» Your task: Every entry must be given again exactly. Include no pictures.

:: Data provided

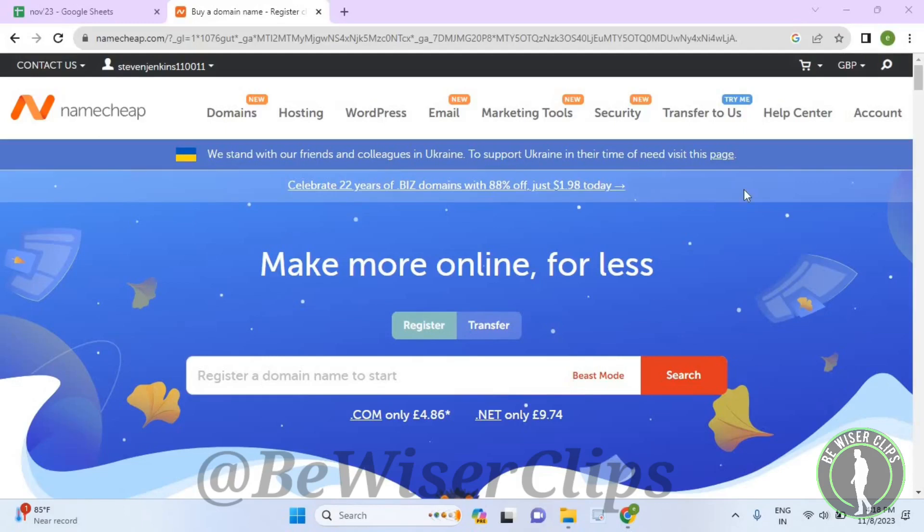Hello guys, in this video I will show you how to turn off auto renewal summary option in your Namecheap account.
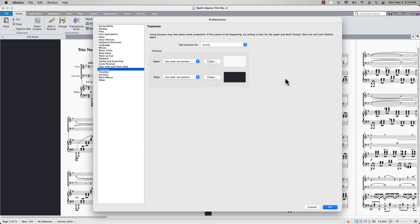In addition, you can change the display of the desk, which refers to the empty space behind your score pages. By default, the manuscript paper is white and the desk is a dark gray.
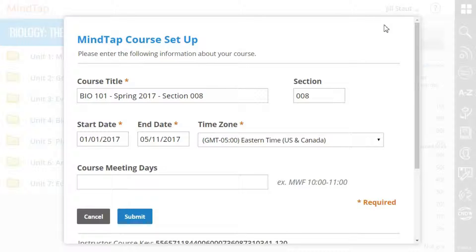You will see the course information that you established when you first set up your course. If you scroll to the bottom of this screen, you will see your course key.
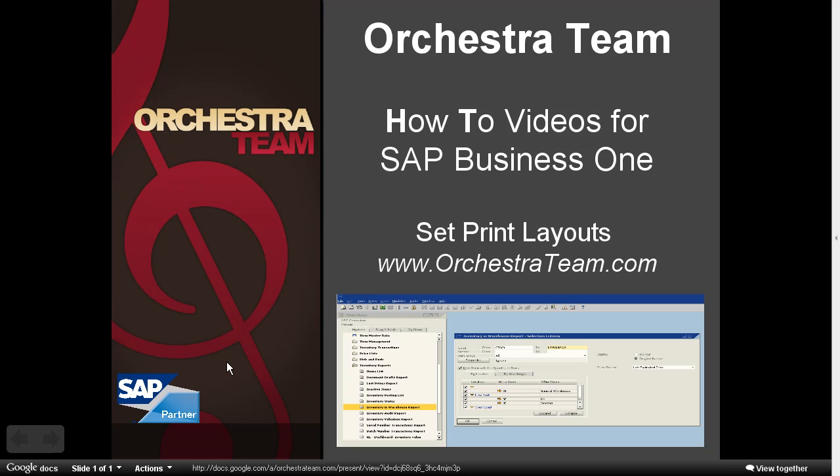Hello and welcome to Orchestra's How To Series. Today we're going to talk about how we can set different print layouts for a global setting or per business partner or even per user. So let's dig right into the software and take a look at how this works.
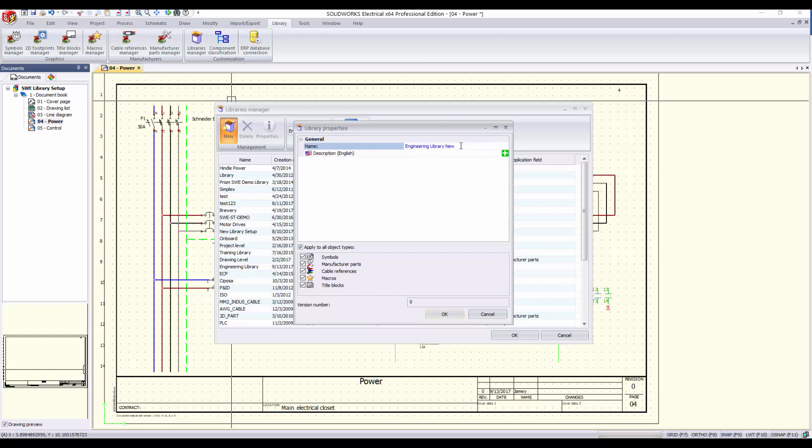You can also select which object types you would like to be able to add to your library. We can click OK to finish, and you will now notice that your library is now added to the libraries manager.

::::

» Exercise answer:
Hello guys, in this video I will show you how to turn off auto renewal summary option in your Namecheap account.
In addition, you can change the display of the desk, which refers to the empty space behind your score pages. By default, the manuscript paper is white and the desk is a dark gray.
You will see the course information that you established when you first set up your course. If you scroll to the bottom of this screen, you will see your course key.
Hello and welcome to Orchestra's How To Series. Today we're going to talk about how we can set different print layouts for a global setting or per business partner or even per user. So let's dig right into the software and take a look at how this works.
You can also select which object types you would like to be able to add to your library. We can click OK to finish, and you will now notice that your library is now added to the libraries manager.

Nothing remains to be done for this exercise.